#### DATASET SECTION:
§

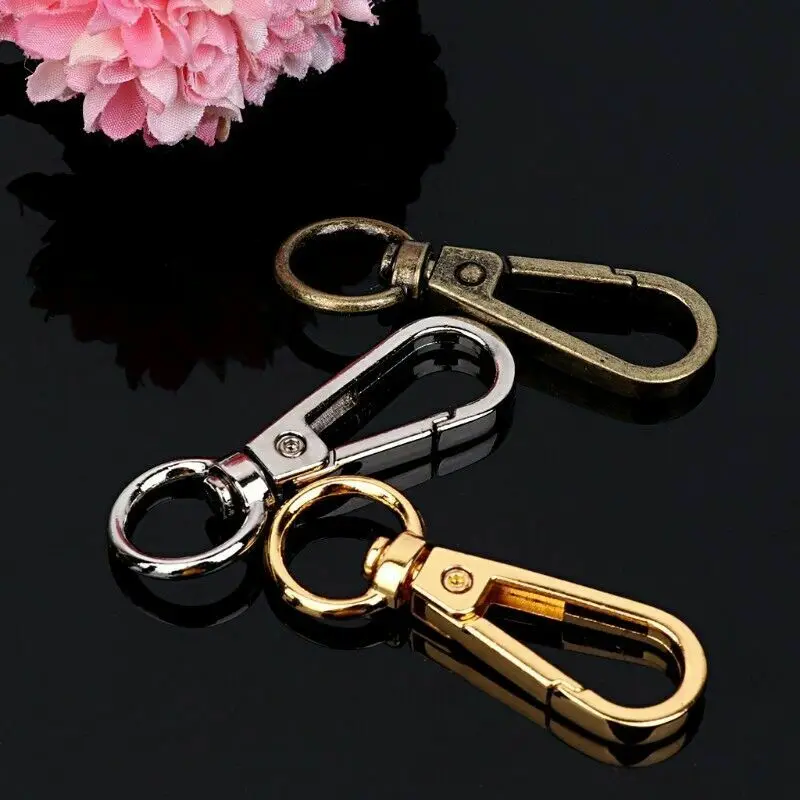 4 шт./металлический держатель для ключей вращающийся триггер застежка лобстер
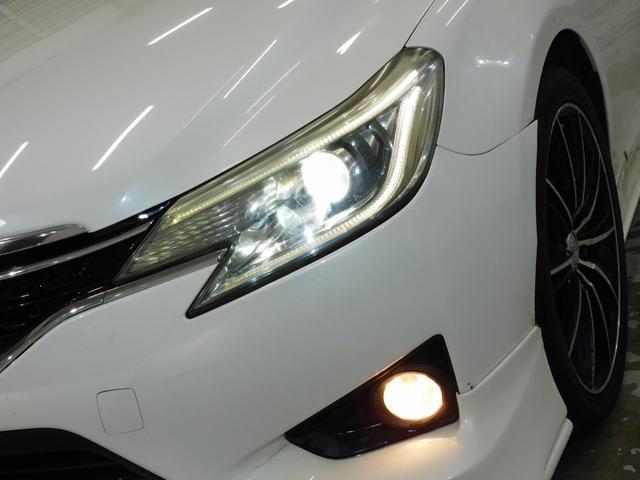 マークX 250G Four 社外19インチアルミフルエアロ寒冷地仕様パワーシートプッシュスタートスマートキーオートエアコンタイミングチェーンHIDエンジンスターター横滑り防止機能フォグランプワイパーデアイサー(10枚目)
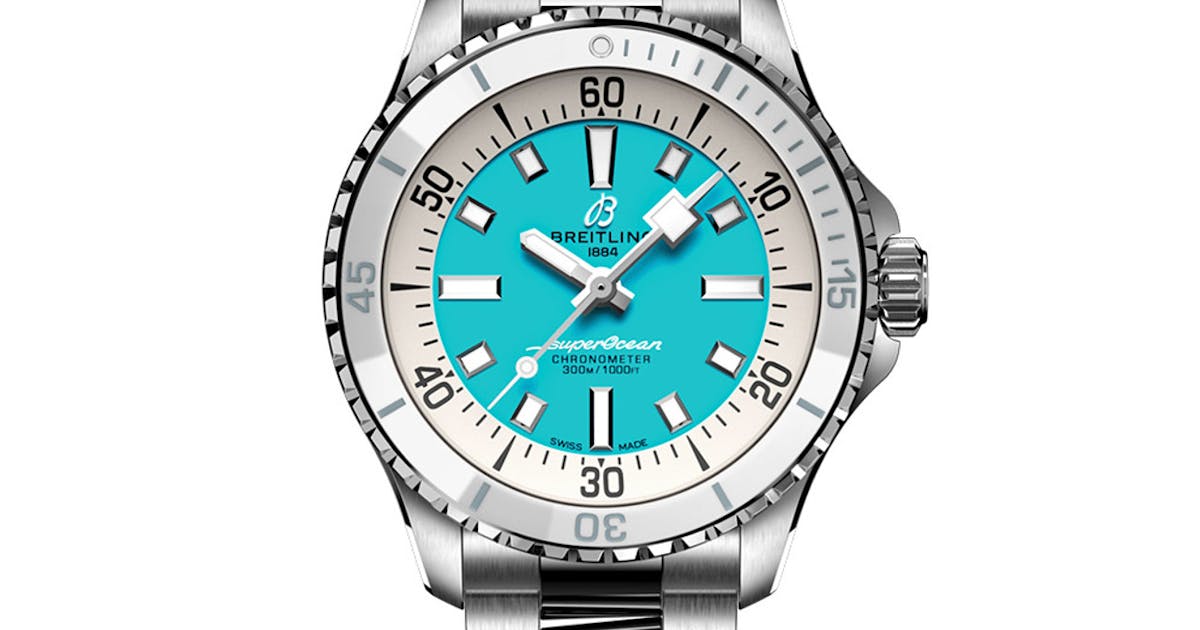 Breitling Superocean Auto 36 Turquoise (A17377211C1A1)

§

#### WORK ORDER:
Line by line and exactly, write out the material above. Skip the pictures.

#### FINAL ANSWER:
 4 шт./металлический держатель для ключей вращающийся триггер застежка лобстер
 マークX 250G Four 社外19インチアルミフルエアロ寒冷地仕様パワーシートプッシュスタートスマートキーオートエアコンタイミングチェーンHIDエンジンスターター横滑り防止機能フォグランプワイパーデアイサー(10枚目)
 Breitling Superocean Auto 36 Turquoise (A17377211C1A1)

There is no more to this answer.